Jedem die Integration ermöglichen

Die meisten Sektionen gaben schliesslich das Patensystem auf, darunter auch Yverdon im Jahre 2008. Ab Anfang der 1990er-Jahre geschah diese Abschaffung mit einer auffälligen Beschleunigung. «Diese Praxis begann zur Farce zu werden», kommentiert Frank-Urs Müller, der abtretende Zentralpräsident. Viele Kritiker des Patensystems gehen mit ihm einig und erwähnen Beispiele, wie das Reglement umgangen wurde: ein Glas an der Sektionsbar als «obligatorische Tour», eine routinemässig Behandlung der Kandidaturen durch den Sektionspräsidenten, ohne dass er die Anwärter persönlich kannte, und so weiter. Gemäss anderen Befürwortern der Abschaffung war das Patensystem Teil eines Elitedenkens, das schlecht zur modernen Gesellschaft passt und schwer zu rechtfertigen ist angesichts von Sektionsversammlungen, die mangels Teilnehmer immer seltener stattfinden.

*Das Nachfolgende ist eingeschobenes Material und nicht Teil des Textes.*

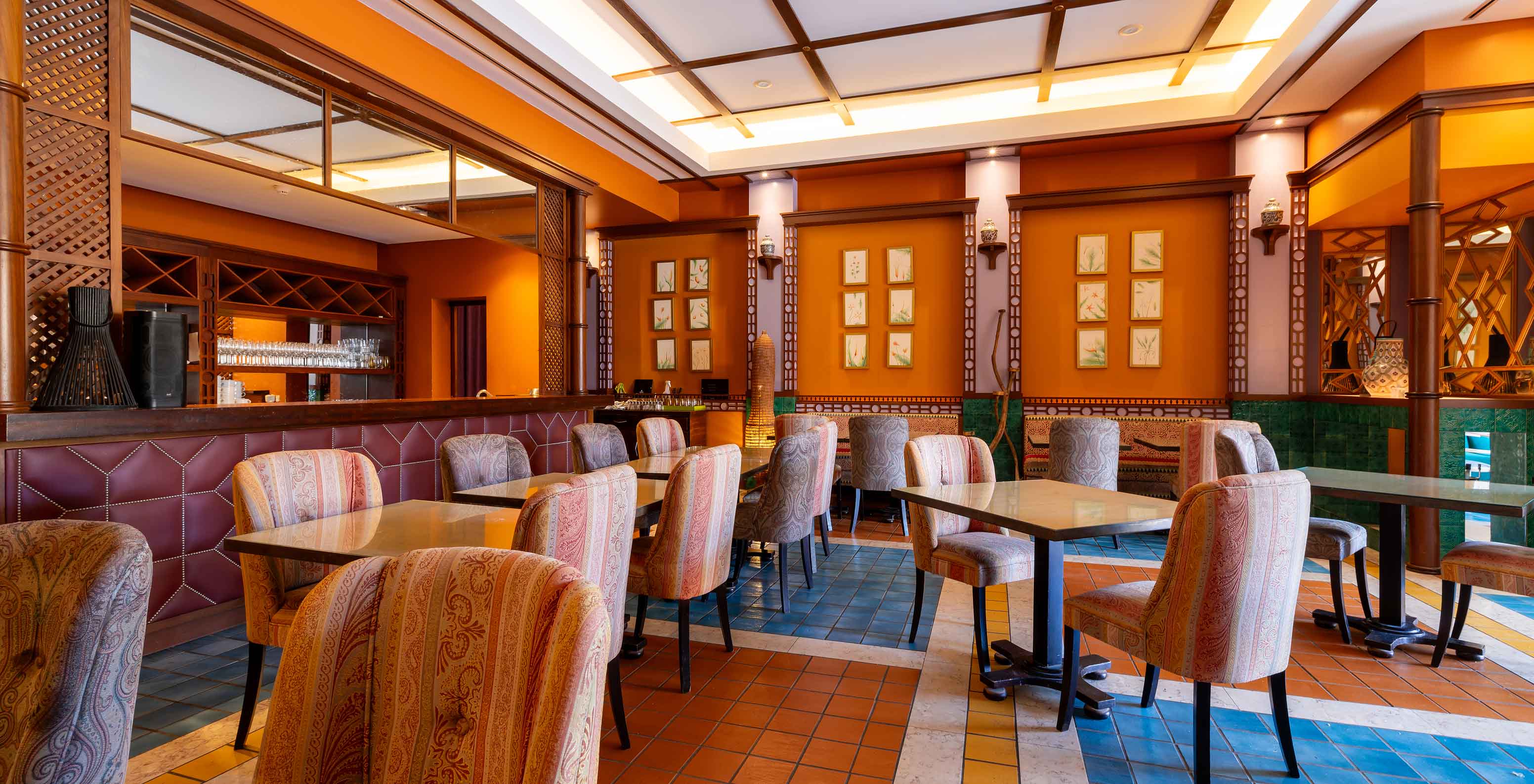 Restaurant Arab Magrebe van het 5-sterrenresort op Porto Santo heeft warme tinten, vierkante tafels en gestoffeerde stoelen.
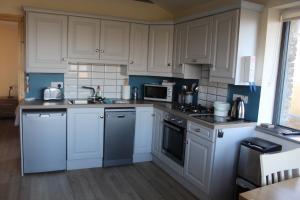 a kitchen with white cabinets and a stove top oven at The Stable Self Catering Cottage @ Cappa House BnB in Eyeries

Der ehemalige Präsident der Sektion Yverdon, Yves Cavin, schätzt, dass «die Frage des Patensystems verknüpft ist mit dem Typ SAC, den man will: eine Gesellschaft, in die man nur durch Kooptation hineingelangt, oder eine Gesellschaft, die es jedem ermöglicht, sich zu integrieren». Frank-Urs Müller geht noch weiter: «Das Patensystem steht in Widerspruch zur geltenden Charta des Zentralverbands, und vielleicht gar zu den Statuten.» Artikel 2 der Statuten postuliert nämlich, dass der SAC den Bergsport in weiten Teilen der Bevölkerung fördert. In der Charta steht, dass alle im SAC willkommen sind.

Eher Abonnenten als Mitglieder

Einige Sektionen praktizieren das Patensystem immer noch, manchmal in einer reduzierten Weise. In der Sektion Pierre-Pertuis füllen die Kandidaten zwar ein Formular aus, auf dem die Namen von zwei Paten stehen müssen, aber dieses wird dann direkt vom Vorstand behandelt. Die Sektion Dent-de-Lys hängt ebenfalls noch am Patensystem. Gemäss Jean-Marie Bosson, dem Mitgliederverantwortlichen, hilft diese Praxis jene Personen vom Beitritt abzuhalten, die nur von den Vorteilen der Mitgliedschaft profitieren und sich nicht ins Clubleben einbringen wollen.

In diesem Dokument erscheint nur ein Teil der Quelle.